With a plethora of investments and a co-founded firm worth an estimated £22m, the three-time grand slam champion’s tennis might not be at its heroic best but his business acumen has shown no signs of suffering a similar fate.
In a trend that is becoming ever more common among the world’s sporting icons, Murray began his foray into the business world in earnest back in 2013 and has since stated that, upon retirement, he aims to have several business interests to focus on.
Here we take a look at several of the 31-year-old’s ventures, which could well make that goal a reality.
Andy Murray’s business interests: Supporting European crowdfunding
In June 2015, Murray partnered with Seedrs, an equity crowdfunding platform for investing in start-ups across Europe, and is now a member of its advisory board.
Owing to his busy tennis schedule, the simple investment system that comes with crowdfunding serves as an ideal choice for the Glaswegian, who has since used Seedrs to invest in multiple British businesses.
The two-time Wimbledon champion invested an undisclosed amount in UK-based healthy eating restaurant chain Tossed, virtual reality and augmented reality shop builder Trillenium and incubation studio Fuel Ventures Fund, all headquartered in Britain.
The 2012 US open champion said in a statement: “The three businesses I’ve chosen to kick off my crowdfunding investment portfolio are all in areas of industry I find interesting.
“Healthy eating is something I have to be passionate about as a sportsman, so Tossed was immediately one to consider, and the other two businesses are really pushing the boundaries of technology.”
Andy Murray’s business interests: Backing British tech
Murray’s investment habits quickly expanded from that point and soon after he used Seedrs to invest an unknown amount into UK-based smart home app developer Den.
Also in the summer of 2015, he invested in helmet company Morpher, the firm behind behind the world’s first flat-folding helmet, also based in Britain.
He said: “I’ve always been interested in investment, and being able to get involved in an innovative way to help support British start-ups really appealed to me.”
“[I am focused on] working with people I trust and who fully understand the huge responsibility of handling people’s money.”
Since then, Murray has invested in multiple UK fintech companies, including Investly, a pan-European marketplace for invoice financing, and Landbay, a mortgage marketplace lender backed by Zoopla – taking his Seedrs portfoilio to more than 30 British businesses.
Seedrs CEO Jeff Lynn said: “It’s great to see Andy already taking such an active interest in the businesses on Seedrs.

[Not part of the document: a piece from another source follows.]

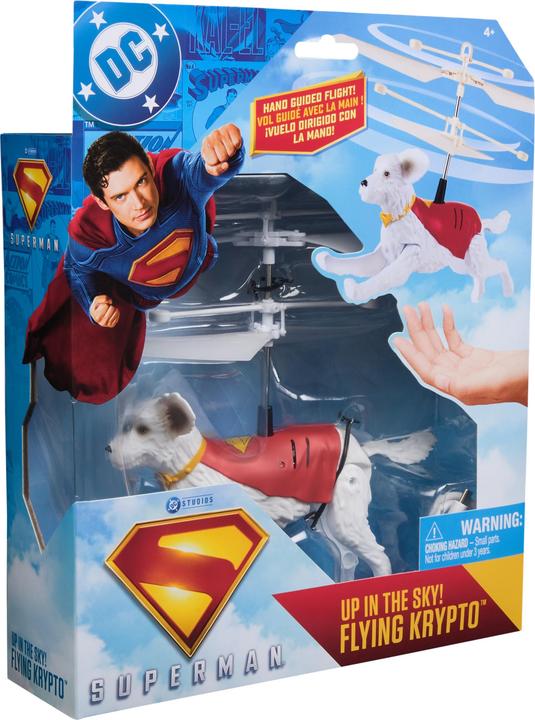 Produktbild Spin Master Superman-Film: Interaktive Krypto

“The fact he has decided to make multiple investments in hungry entrepreneurs shows his commitment to building a dynamic portfolio of early-stage businesses.”

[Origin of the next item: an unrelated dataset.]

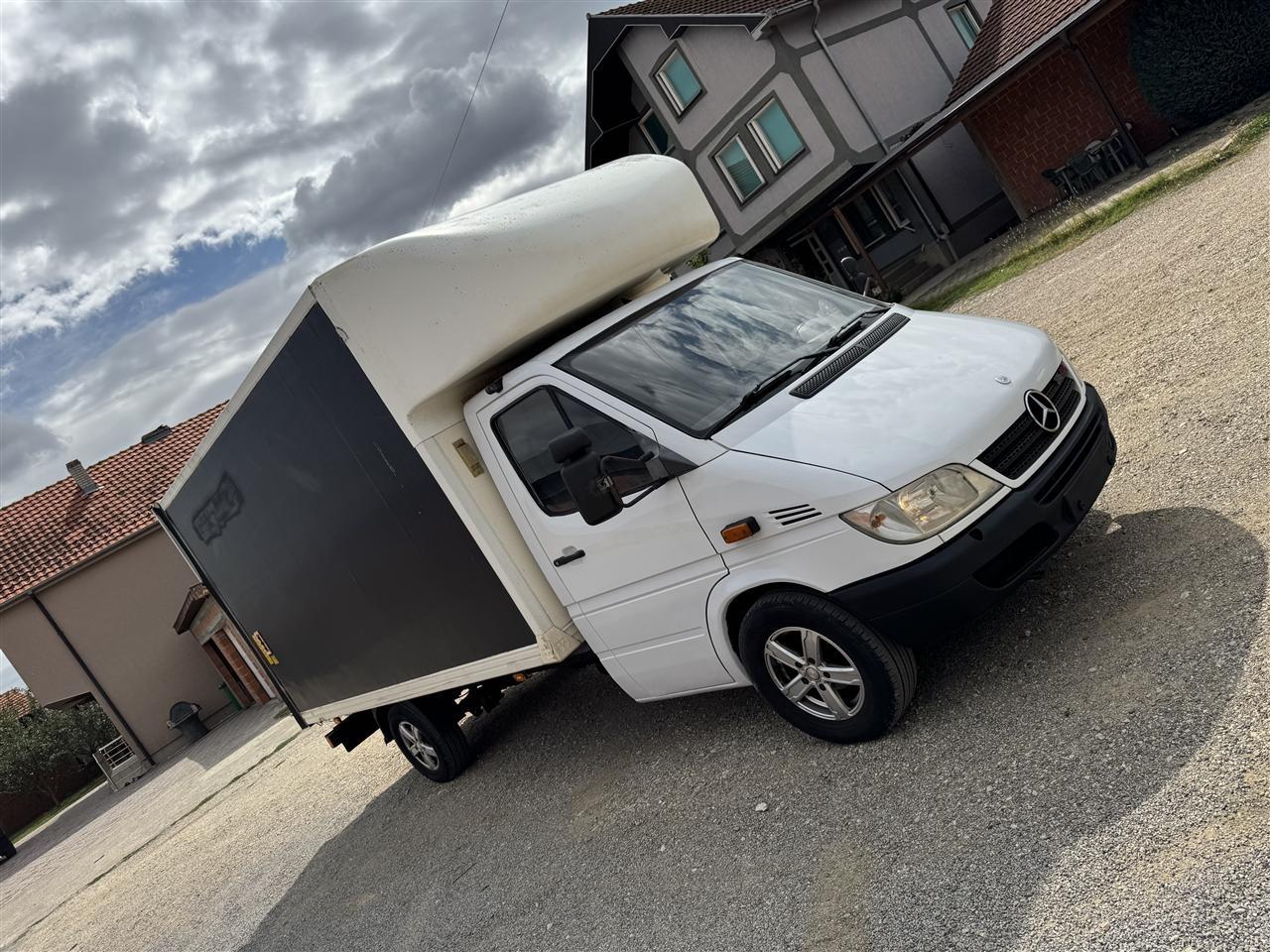 Mercedes--sprinter-316-automatic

Andy Murray’s business interests: Supporting UK athletes
While his investment profile has gone from strength to strength over the past three years, Murray’s business life began before then in 2013, when he founded 77 Management along with Matt Gentry and Gawain Davies to represent his personal interests.
Formerly known as Parched Investments, the firm’s name was changed to 77 Management after Murray became the first British tennis player to win Wimbledon in 77 years.
It is estimated to be worth more than £22m, with Murray having received a £2.2m service fee from the company last year, up from £1.3m in 2015.
In 2016, he created an offshoot of the company called 77 Sports Management, a boutique sports marketing agency that represents other British athletes.
Since then, its stable has grown to include four athletes, including 19-year-old Brit Katie Swan, a tennis player ranked 179th on the women’s tour, sprinting sisters Shannon and Cheriece Hylton, and 17-year-old Scottish tennis player Aidan McHugh.
Murray said: “Putting the athlete and their performance first and then building a bespoke business strategy for them is vitally important.
“It rarely happens in practice, but it’s one of the founding principles of 77 Sports Management.
“It’s something I am passionate about and is one of the areas I feel I can help and advise on, passing on the valuable lessons I’ve learnt in my career.”